Action: Burst your own bubble before someone else does. There’ll be fewer tears and you won’t graze your knees when you hit the ground. Reset your standard or convert your career to a hobby. 

The Zone of the Living Dead

You’re a poor performer and each day lasts forever.  I am told there are two phases of sea-sickness. Phase 1 is where you are so sick you are frightened you are going to die. Phase 2 is where you are so sick you are frightened you are not going to die. This Zone is permanent phase 2.  You’re anchored in the part of the performance evaluation curve that makes the top 75% possible. You are less Zorro, and more Zombie.

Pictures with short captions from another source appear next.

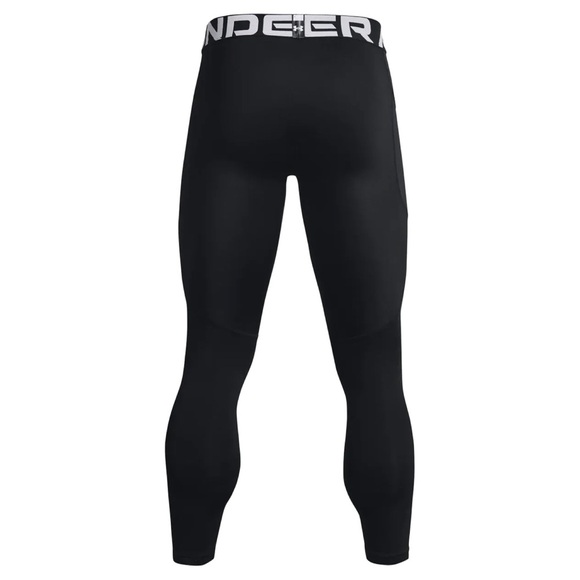UNDER ARMOUR • Men’s Black UA ColdGear Armour Leggings - Picture 3 of 9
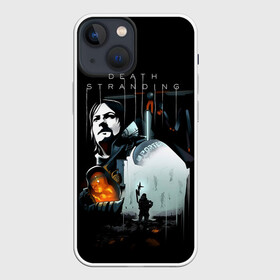 Чехол для iPhone 13 mini с принтом Death Stranding в Кировске,  |  | death stranding | kojima | игры | хидэо кодзима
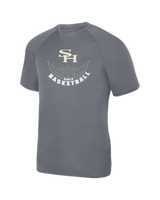 Sunny Hills HS Outline - Youth Performance T-Shirt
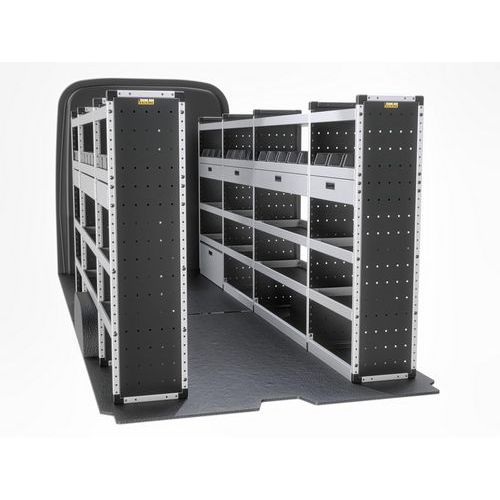 Trade Van Racking Packages - Gold Standard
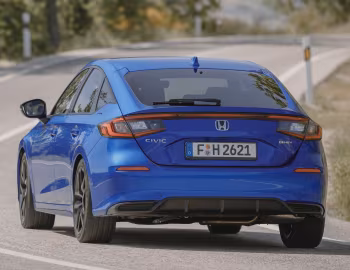 Honda Civic e:HEV [EU-spec] '2022–25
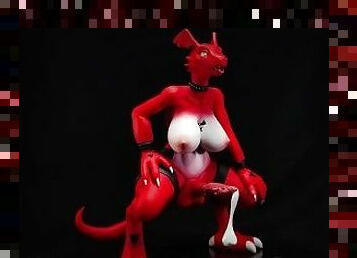 Guilmon Futa resine figure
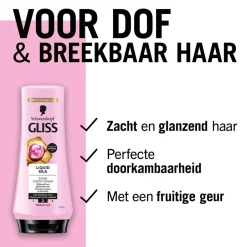 Liquid Silk Shine Conditioner|Gliss Clearance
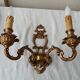 Bronze wall light
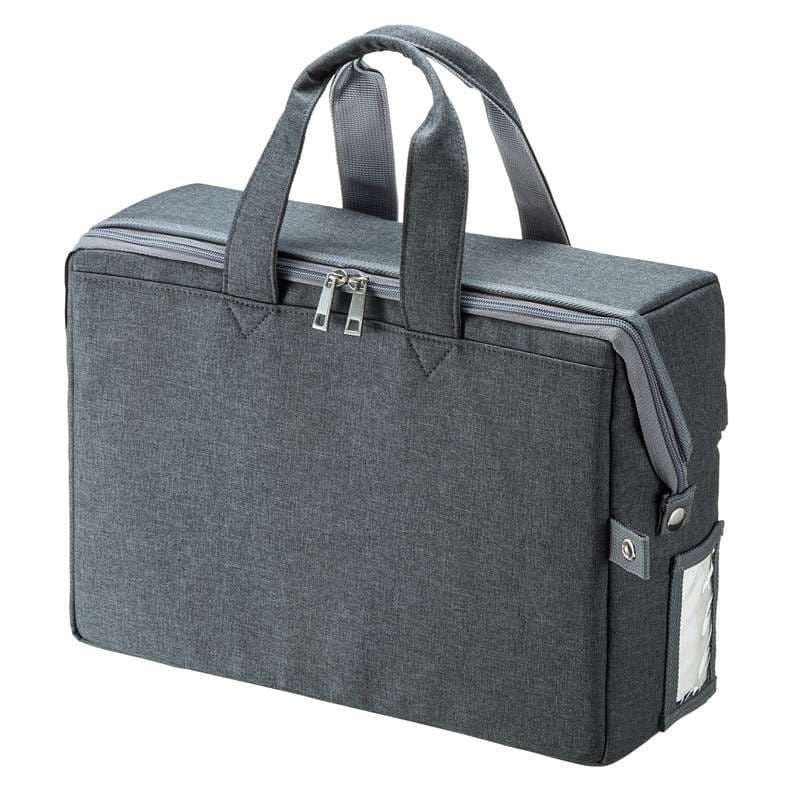 パソコンケース　13.3インチ フェルト多収納オーガナイザーパソコンケース ビジネス 会議 在宅ワーク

Action: Leave. Quickly. Move as soon as you can. Formulate the transition any way you want but you have to escape. You are draining yourself faster than an iPhone streaming video at full volume and connected to every wifi and bluetooth device in the office. If you can’t go, build a lot (I mean a lot) of interests and distractions outside of the working environment.

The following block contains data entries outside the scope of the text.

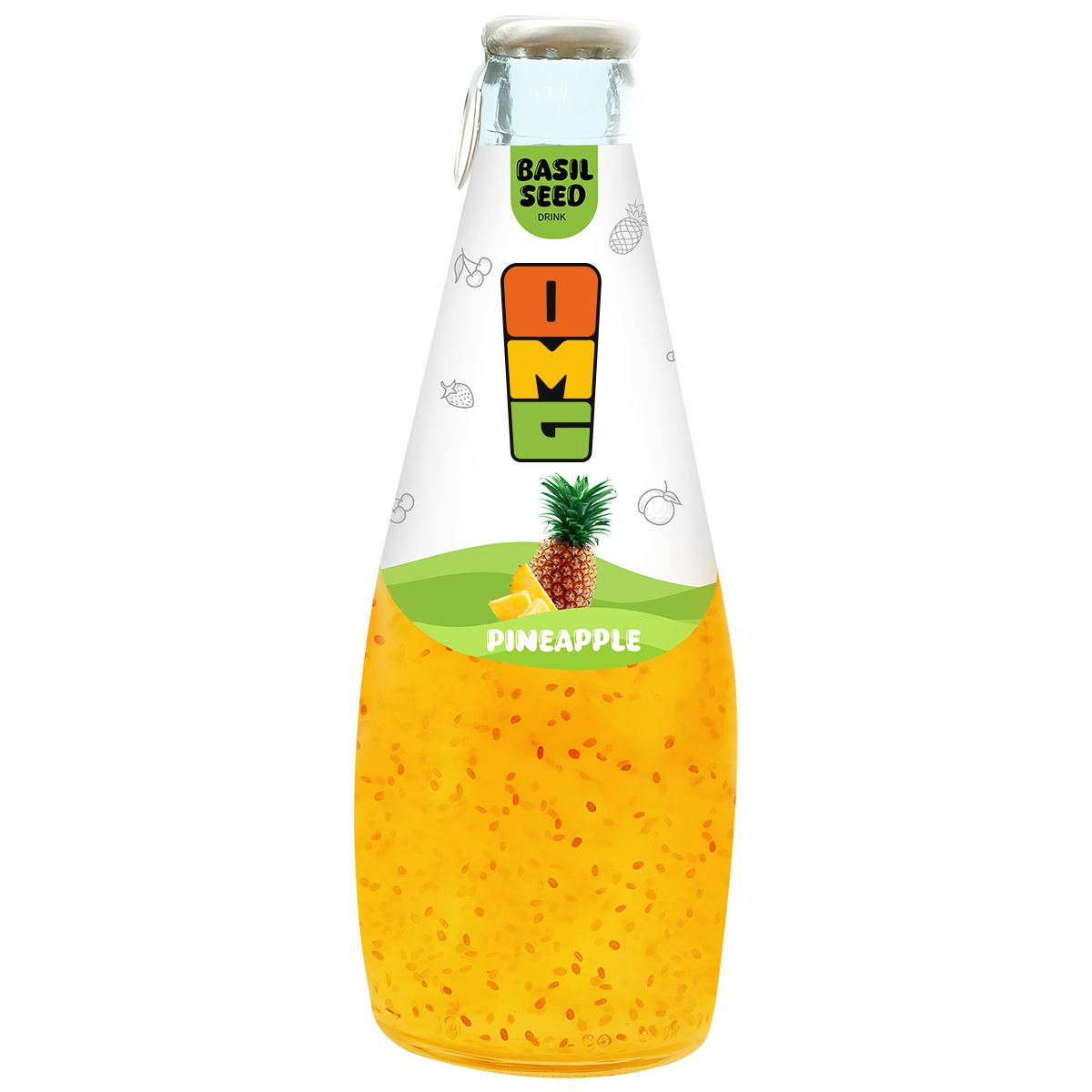 Basil Seed Drink – Pineapple
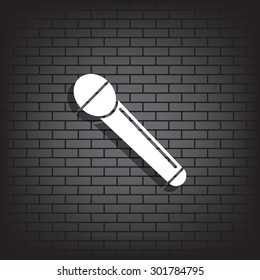 live music. icon. vector design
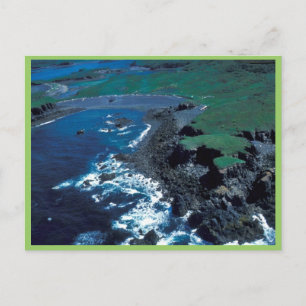 Naugolka Point Kusten, Kodiak Vykort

The Zone of Perpetual Energy

This is the sweet spot. You have skills which you’re motivated to develop and deploy, and opportunities to utilise them effectively.  It is a virtuous circle.  The consequences of success (time, recognition, pride, self-esteem, self-confidence, money) are reinvested in skill development, capacity to take on bigger challenges, time and independence to pursue your motivations and interests.

In the Zone of Perpetual Energy you become more successful at lower stress thus giving you more independence to become more successful at lower stress, thus giving you more independence to become more successful at lower stress….

Perhaps, as Amanda suggested, we should call it the Zone of Self-Perpetuating Energy.

She agreed to share her journey below. The steps she followed were simple.

  1. Where am I now and what evidence (personal performance reviews etc) support this position?
  2.  Where would I like to be? (Not as obvious an answer as might seem.)
  3. What obstacles are preventing me from making the move? (Opportunities, family commitments, lack of skills)
  4. What are the various ways I can overcome them (safely)?
  5. How can I test the possible routes quickly and safely?
  6. How will I know I am making progress?